Tutto ciò corrisponderebbe a una mente ebraica che utilizza il greco (come Giovanni) in quanto cripta il nome/numero finale tramite le consonanti senza le vocali, tipico della lingua ebraica. In ebraico invece: Mem, Samek, Vav. Se concepiamo in senso pratico il tema del “calcolare il numero” a partire da 3 cifre base, come sembra alludere il testo greco, abbiamo numerose possibilità se si combinano le 4 operazioni. Se restiamo nell’operazione della sottrazione invece possiamo avere come risultato: 534 (600-60-6), il cui numero corrisponde in lettere greche al nome Phild, nome attualmente possibile.
Lasciamo ora il campo ai matematici e speriamo in un loro futuro risultato probabilistico… Il tema del Nome è fondamentale nella spiritualità di Israele e anche nell’Apocalisse di Giovanni.
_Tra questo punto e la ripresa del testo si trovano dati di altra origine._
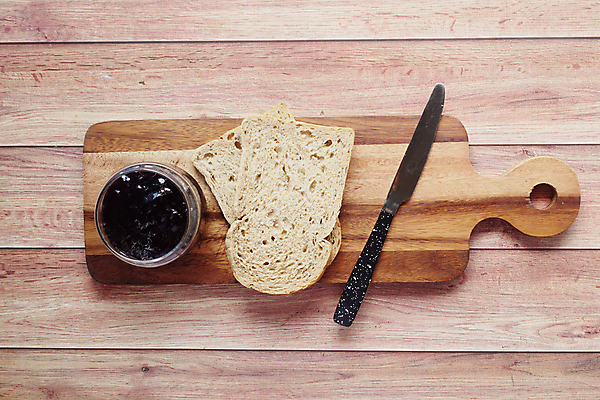 포토 JPG 해외이미지 유리병 실내 사람없음 하이앵글 나이프 달콤 식빵 블루베리 과일잼 나무도마 나무배경 해외포토 식기 빵 뷰포인트 백그라운드 과일 병_용기 도마 내부 목재 칼 맛 잼 파일형식 이미지허브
I santi sono coloro che “trattengono” nel cuore il Nome di Dio e di Cristo, gli eletti sono “sigillati” nel Nome di Dio mentre la Bestia anticristica bestemmia il Nome di Dio. Ma tutto ciò appare una soluzione troppo semplice. Altro enigma sotteso a questo passo dell’Apocalisse riguarda i motivi dell’importanza di individuare il numero/nome della Bestia prima che si compia la profezia. Se proviamo a ragionarci sopra mi viene in mente solo la possibilità, sapendo prima l’identità della Bestia, di meglio combatterla e smascherarla, salvando più anime dalle sue seduzioni spirituali.
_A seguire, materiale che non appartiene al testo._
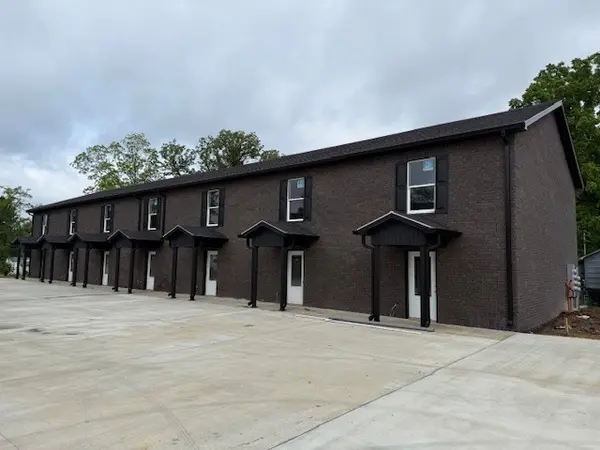 710 SW Atlantic St #A4, Tullahoma, TN 37388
Forse la sfida a capire il numero/nome della Bestia è da connettere con la “ferita a morte” di una delle sue teste, sempre se leggiamo quale predizione storica questo dettaglio profetico. Perché poi appellarsi all’intelligenza umana per individuare questo elemento caratterizzante (numero/nome) se la Bestia sarà riconoscibile nella sua venuta da molti altri evidenti segni (i due Testimoni, la marchiatura, l’“abominio della desolazione”, la “grande apostasia”, ecc.)? Abbiamo un enigma che è tale già nel suo porsi oltre che nella sua difficile soluzione! Un enigma vestito da un altro enigma!
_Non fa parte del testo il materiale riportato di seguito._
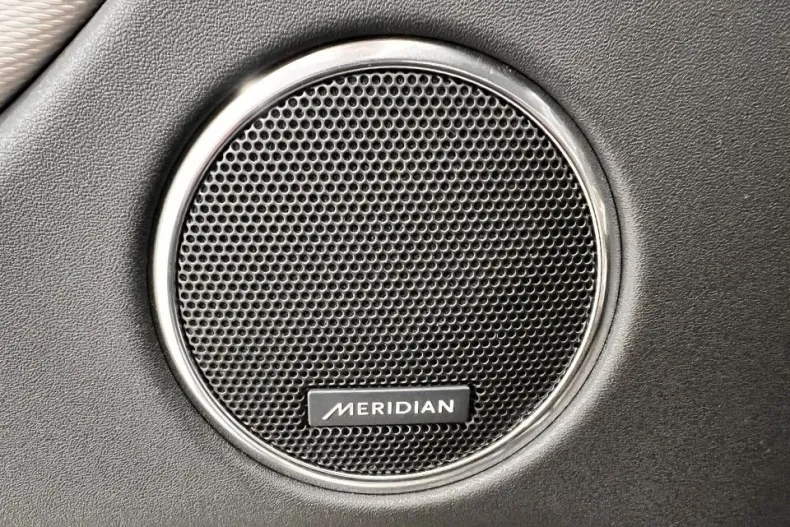 Land Rover Discovery Sport din 2024 cu 9.707 km - oferta LAN132144 - foto 36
A proposito del segno vangelico e profetico dell’“abominio della desolazione che sta nel luogo santo” colgo l’occasione per rettificare questa non ottimale traduzione che sembra indurre strane fantasie (come ambigua è la versione: “grande tribolazione”, in quanto tlipsis significa semplicemente “persecuzione”) in quanto si tratta invece di due termini greci molto chiari e precisi. L’“abominio” viene dal termine greco bdèlugma che significa “orrore” in riferimento a un oggetto idolatrico, mentre “desolazione” viene dal termine greco erèmosis che indica: “privazione, spogliazione, distruzione” (stessa radice di “eremo” e di “eresia”) quindi i due termini connessi fra di loro e, insieme, a un “luogo santo” non possono che alludere a una profanazione di luoghi santi (es: altari e/o tabernacoli delle Chiese) tramite un “togliere” (es: sacramenti e/o immagini sacre e/o il segno della croce) e un “mettere in sostituzione” un oggetto che funga da idolo anticristico.